Aim of the task. From the records below, print exactly the lines starting at the one containing "Черный БМВ 3" and ending at the one containing "Más de 140 personas", ends included, and nothing else.

Provided records.
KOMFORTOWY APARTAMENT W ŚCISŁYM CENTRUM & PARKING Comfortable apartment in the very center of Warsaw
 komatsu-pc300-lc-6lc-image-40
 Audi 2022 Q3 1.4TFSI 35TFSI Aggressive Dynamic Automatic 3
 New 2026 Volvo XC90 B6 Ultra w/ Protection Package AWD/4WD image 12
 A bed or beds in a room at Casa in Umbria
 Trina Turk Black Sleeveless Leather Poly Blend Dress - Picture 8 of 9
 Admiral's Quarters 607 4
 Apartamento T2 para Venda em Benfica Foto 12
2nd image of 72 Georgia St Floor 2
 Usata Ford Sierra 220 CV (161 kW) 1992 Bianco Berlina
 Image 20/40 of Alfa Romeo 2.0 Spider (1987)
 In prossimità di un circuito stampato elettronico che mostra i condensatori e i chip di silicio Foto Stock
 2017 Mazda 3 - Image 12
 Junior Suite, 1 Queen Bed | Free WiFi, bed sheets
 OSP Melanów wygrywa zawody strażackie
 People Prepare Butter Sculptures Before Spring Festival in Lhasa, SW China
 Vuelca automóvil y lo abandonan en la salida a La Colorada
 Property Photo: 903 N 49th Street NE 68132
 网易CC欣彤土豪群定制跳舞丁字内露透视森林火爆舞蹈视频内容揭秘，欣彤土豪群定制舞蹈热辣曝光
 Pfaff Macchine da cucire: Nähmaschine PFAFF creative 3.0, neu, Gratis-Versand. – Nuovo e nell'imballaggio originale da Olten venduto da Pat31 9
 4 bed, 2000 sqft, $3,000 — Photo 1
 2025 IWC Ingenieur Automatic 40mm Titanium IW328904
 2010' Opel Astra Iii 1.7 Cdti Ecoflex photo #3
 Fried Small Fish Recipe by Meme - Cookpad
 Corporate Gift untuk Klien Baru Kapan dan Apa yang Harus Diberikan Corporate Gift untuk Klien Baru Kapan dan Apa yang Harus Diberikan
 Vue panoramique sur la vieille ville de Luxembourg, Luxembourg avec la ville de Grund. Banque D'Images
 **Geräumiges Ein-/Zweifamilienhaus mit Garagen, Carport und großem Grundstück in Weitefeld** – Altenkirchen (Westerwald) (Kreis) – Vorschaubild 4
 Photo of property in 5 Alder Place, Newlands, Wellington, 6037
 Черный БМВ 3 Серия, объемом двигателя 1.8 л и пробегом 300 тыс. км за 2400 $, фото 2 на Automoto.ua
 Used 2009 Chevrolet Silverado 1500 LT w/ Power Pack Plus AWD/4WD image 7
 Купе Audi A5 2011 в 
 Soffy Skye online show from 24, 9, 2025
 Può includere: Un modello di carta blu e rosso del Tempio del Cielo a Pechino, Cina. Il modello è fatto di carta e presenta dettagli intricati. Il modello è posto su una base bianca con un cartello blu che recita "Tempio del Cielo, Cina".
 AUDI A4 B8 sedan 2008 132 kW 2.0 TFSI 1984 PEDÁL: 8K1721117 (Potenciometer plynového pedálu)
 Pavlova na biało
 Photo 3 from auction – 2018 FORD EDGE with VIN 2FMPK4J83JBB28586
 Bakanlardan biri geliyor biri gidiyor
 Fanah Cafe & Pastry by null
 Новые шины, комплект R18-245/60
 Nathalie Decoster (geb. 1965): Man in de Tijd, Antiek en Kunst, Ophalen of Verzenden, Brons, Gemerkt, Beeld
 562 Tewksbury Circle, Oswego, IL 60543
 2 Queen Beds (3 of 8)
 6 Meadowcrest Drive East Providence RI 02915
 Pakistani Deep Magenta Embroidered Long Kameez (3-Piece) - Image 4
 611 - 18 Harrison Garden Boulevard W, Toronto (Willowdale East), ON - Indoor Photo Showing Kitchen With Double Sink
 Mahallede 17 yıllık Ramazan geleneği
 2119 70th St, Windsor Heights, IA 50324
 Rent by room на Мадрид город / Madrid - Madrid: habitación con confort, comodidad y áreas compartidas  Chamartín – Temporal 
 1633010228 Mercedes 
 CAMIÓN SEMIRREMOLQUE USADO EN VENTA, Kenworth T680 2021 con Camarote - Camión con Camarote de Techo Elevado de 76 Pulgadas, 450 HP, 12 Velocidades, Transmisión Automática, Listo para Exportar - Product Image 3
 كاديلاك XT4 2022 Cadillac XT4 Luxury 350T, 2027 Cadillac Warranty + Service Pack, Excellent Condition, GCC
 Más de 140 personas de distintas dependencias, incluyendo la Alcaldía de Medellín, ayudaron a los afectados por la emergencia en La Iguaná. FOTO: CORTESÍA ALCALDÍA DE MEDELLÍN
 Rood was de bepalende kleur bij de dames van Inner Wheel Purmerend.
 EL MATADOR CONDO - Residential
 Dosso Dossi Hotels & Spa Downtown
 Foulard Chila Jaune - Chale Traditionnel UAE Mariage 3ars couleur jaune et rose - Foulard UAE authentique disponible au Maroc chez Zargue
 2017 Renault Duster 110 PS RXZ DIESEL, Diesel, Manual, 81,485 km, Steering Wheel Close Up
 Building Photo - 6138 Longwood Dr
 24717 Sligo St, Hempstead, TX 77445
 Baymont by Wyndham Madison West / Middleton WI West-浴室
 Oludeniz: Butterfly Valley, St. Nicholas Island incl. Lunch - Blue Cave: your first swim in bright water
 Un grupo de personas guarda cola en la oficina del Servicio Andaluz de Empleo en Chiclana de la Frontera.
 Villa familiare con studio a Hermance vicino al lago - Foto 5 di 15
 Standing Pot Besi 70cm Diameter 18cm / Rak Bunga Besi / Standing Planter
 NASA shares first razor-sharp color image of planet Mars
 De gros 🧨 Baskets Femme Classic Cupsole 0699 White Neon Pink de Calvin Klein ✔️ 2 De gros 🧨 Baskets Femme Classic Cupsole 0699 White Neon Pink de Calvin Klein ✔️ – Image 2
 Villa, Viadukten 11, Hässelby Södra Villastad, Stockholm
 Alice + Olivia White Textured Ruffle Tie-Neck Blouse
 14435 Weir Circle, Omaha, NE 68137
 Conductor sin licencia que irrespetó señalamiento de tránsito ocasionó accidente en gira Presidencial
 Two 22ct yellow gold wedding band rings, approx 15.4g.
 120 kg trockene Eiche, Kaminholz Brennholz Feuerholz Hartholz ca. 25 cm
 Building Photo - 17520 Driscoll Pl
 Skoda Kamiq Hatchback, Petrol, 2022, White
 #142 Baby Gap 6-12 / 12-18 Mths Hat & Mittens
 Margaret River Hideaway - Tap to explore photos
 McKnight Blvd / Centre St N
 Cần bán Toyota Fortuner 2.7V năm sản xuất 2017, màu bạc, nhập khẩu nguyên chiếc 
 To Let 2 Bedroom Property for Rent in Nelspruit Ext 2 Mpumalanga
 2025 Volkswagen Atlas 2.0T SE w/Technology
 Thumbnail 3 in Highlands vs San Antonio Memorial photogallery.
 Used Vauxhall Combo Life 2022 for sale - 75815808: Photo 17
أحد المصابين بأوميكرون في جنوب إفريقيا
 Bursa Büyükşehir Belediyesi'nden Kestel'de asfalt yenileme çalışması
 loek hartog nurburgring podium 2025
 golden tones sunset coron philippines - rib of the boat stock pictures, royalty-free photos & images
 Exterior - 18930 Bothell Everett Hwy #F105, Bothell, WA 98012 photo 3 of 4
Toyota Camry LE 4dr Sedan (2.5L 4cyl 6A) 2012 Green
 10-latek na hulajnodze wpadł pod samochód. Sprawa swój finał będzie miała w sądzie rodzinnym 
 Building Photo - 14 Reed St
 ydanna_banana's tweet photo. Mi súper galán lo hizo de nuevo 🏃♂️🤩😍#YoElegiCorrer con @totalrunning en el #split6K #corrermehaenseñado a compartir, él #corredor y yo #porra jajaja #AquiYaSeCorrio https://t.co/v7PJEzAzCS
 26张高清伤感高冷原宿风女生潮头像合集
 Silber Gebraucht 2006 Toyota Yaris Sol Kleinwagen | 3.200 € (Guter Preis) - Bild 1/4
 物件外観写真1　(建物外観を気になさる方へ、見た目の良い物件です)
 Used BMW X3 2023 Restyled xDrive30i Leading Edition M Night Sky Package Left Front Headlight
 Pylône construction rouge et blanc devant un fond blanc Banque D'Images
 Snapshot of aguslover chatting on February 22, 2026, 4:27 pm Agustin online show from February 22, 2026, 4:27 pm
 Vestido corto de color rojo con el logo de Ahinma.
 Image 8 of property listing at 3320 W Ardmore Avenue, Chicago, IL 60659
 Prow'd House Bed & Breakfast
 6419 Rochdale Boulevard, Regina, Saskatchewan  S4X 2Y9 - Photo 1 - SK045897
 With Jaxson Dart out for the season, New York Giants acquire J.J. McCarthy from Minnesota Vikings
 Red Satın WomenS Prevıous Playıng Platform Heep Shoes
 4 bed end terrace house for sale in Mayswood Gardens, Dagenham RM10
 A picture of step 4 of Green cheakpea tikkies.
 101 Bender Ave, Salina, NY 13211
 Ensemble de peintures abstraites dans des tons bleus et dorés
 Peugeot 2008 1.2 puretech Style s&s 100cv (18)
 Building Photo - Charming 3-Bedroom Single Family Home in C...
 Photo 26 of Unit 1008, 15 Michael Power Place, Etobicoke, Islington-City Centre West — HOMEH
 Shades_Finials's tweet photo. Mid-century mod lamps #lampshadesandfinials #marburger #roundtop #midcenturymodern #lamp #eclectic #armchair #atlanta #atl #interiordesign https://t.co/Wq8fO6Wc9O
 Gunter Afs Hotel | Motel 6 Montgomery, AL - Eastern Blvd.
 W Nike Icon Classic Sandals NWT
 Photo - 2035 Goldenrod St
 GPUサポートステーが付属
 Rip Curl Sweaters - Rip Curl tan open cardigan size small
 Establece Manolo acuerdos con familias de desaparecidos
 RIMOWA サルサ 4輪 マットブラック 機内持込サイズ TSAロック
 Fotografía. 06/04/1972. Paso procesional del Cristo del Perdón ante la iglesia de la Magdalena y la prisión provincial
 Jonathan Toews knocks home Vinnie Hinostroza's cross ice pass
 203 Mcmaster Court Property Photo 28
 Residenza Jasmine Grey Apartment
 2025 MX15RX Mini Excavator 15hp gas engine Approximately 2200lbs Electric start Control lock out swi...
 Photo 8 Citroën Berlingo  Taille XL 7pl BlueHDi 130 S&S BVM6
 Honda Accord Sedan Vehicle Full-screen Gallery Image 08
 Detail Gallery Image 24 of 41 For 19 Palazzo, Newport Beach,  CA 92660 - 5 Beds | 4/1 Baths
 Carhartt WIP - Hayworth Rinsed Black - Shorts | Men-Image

Response area.
 Черный БМВ 3 Серия, объемом двигателя 1.8 л и пробегом 300 тыс. км за 2400 $, фото 2 на Automoto.ua
 Used 2009 Chevrolet Silverado 1500 LT w/ Power Pack Plus AWD/4WD image 7
 Купе Audi A5 2011 в 
 Soffy Skye online show from 24, 9, 2025
 Può includere: Un modello di carta blu e rosso del Tempio del Cielo a Pechino, Cina. Il modello è fatto di carta e presenta dettagli intricati. Il modello è posto su una base bianca con un cartello blu che recita "Tempio del Cielo, Cina".
 AUDI A4 B8 sedan 2008 132 kW 2.0 TFSI 1984 PEDÁL: 8K1721117 (Potenciometer plynového pedálu)
 Pavlova na biało
 Photo 3 from auction – 2018 FORD EDGE with VIN 2FMPK4J83JBB28586
 Bakanlardan biri geliyor biri gidiyor
 Fanah Cafe & Pastry by null
 Новые шины, комплект R18-245/60
 Nathalie Decoster (geb. 1965): Man in de Tijd, Antiek en Kunst, Ophalen of Verzenden, Brons, Gemerkt, Beeld
 562 Tewksbury Circle, Oswego, IL 60543
 2 Queen Beds (3 of 8)
 6 Meadowcrest Drive East Providence RI 02915
 Pakistani Deep Magenta Embroidered Long Kameez (3-Piece) - Image 4
 611 - 18 Harrison Garden Boulevard W, Toronto (Willowdale East), ON - Indoor Photo Showing Kitchen With Double Sink
 Mahallede 17 yıllık Ramazan geleneği
 2119 70th St, Windsor Heights, IA 50324
 Rent by room на Мадрид город / Madrid - Madrid: habitación con confort, comodidad y áreas compartidas  Chamartín – Temporal 
 1633010228 Mercedes 
 CAMIÓN SEMIRREMOLQUE USADO EN VENTA, Kenworth T680 2021 con Camarote - Camión con Camarote de Techo Elevado de 76 Pulgadas, 450 HP, 12 Velocidades, Transmisión Automática, Listo para Exportar - Product Image 3
 كاديلاك XT4 2022 Cadillac XT4 Luxury 350T, 2027 Cadillac Warranty + Service Pack, Excellent Condition, GCC
 Más de 140 personas de distintas dependencias, incluyendo la Alcaldía de Medellín, ayudaron a los afectados por la emergencia en La Iguaná. FOTO: CORTESÍA ALCALDÍA DE MEDELLÍN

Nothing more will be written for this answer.